Apakah kita seperti Laron, yang hidup sesaat saja. Dimulai dari keluar sarang di dalam tanah lalu bersiap terbang, mencari sumber cahaya. Dalam perjalanannya mereka ada yang terlepas sayapnya lalu jatuh kembali ke tanah, dilanjutkan dengan menempuh perjalanan dengan merayap, terkadang berakhir dengan maut dimangsa unggas. Ada yang berhasil terbang menemukan lampu jalanan atau lampu di teras rumah kita, tapi ia lalu terbakar, terjatuh, terlepas sayapnya dan kembali merayap di tanah, berakhir sama: dimangsa unggas atau terinjak oleh kaki kita.

Apakah kita akan setragis itu? Rasanya tidak. Kita bukan laron. Jika benar cahaya adalah yang kita cari di sepanjang hidup ini, maka cahaya itu adalah cahaya kebenaran yang tak melukai atau membuat kita terbakar. Justru sebaliknya cahaya yang kita temukan nanti adalah cahaya yang mempesona, Mungkin cahaya itu berupa pemahaman yang paripurna.
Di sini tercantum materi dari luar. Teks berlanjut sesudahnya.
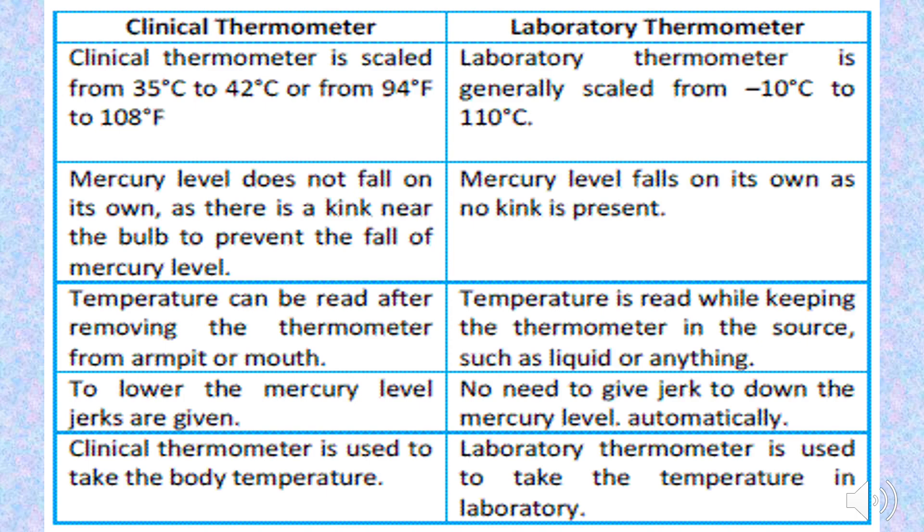Both the clinical and laboratory thermometers are mercury-based and used to measure temperature. Mercury is used because it is the only metal that is liquid at room temperature, has a very high boiling point, is very sensitive to heat — expanding efficiently even with a small amount of heat — is shiny in nature, and does not stick to the glass tube.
Kelegaan yang tak terbandingkan.

Justru yang berat adalah perjalanan untuk menemukannya. Ada beban kemalasan yang memberati ada pula angin kencang emosi yang menghalangi, bahkan terkadang terganggu oleh jubah harga diri kita, juga berhala citra yang mengaburkan kita dari fokus pencarian kita atas cahaya itu. Kelalaian menjaga energi bisa membuat kita terhenti.

 

(Hari ke-3) Habis Gelap Terbitlah Terang

Habis Gelap Terbitlah Terang, kata RA Kartini. Ini bersesuaian dengan ayat “dari kegelapan menuju cahaya” adalah perjuangan untuk menjadi lebih baik. Dengan membaca gelap sebagai sisi awal lalu prosesnya adalah perjuangan, dan hasil akhirnya adalah cahaya.

Gelap mewakili kebodohan, penindasan, kemiskinan, kezaliman, kesepian, penderitaan, dan segala sesuatu yang menyedihkan. Sedangkan cahaya adalah kecerdasan, keadilan, kemakmuran, pemberdayaan, kehangatan, kasih saying, kebahagiaan dan segala sesuatu yang menyenangkan.
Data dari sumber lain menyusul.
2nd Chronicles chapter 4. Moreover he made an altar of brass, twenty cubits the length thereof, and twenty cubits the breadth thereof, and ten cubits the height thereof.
Perjuangan adalah proses di antara keduanya. Berisikan pendidikan, pelatihan, pengembangan diri, konseling, parenting, kisah-kisah inspiratif, pembangun mental, peletak pondasi peradaban. Adalah pekerjaan-pekerjaan besar itu.

Hidup mungkin memang rangkaian perjuangan untuk terus beranjak dari sisi gelap menuju ke sisi terang, menuju cahaya.

 

(Hari ke-4) Hidup adalah menjawab pertanyaan

Dalam perjalanan menuju cahaya itu, pertanyaan-pertanyaan yang muncul serupa langkah kaki untuk terus maju di gelapnya jalanan. Lalu berusaha mencari jawaban itu seperti usaha untuk meraba dan memahami sekitar, mencari cara agar terus bergerak dekati sumber cahaya.

Hidup mungkin seperti percakapan, seperti tanya jawab. Masalah yang kita temui adalah pertanyaan yang diajukan, maka tugas kita adalah mencari jawabannya. Jika pertanyaan itu berupa tugas, maka penyelesaiannya adalah jawaban. Jika pertanyaan itu mengundang gelisah maka jawabannya adalah pencarian atas ketenangan.

Hidup seperti rangkaian pertanyaan yang terus berdatangan, dan tugas kita adalah mencari jawaban. Terus begitu, sampai maut datang hentikan hidup.

 Akhirnya bertepatan dengan ulang tahun pernikahanku yang ke-24, terbit buku kumpulan puisiku yang keempat, berjudul "Masalah Tak Perna...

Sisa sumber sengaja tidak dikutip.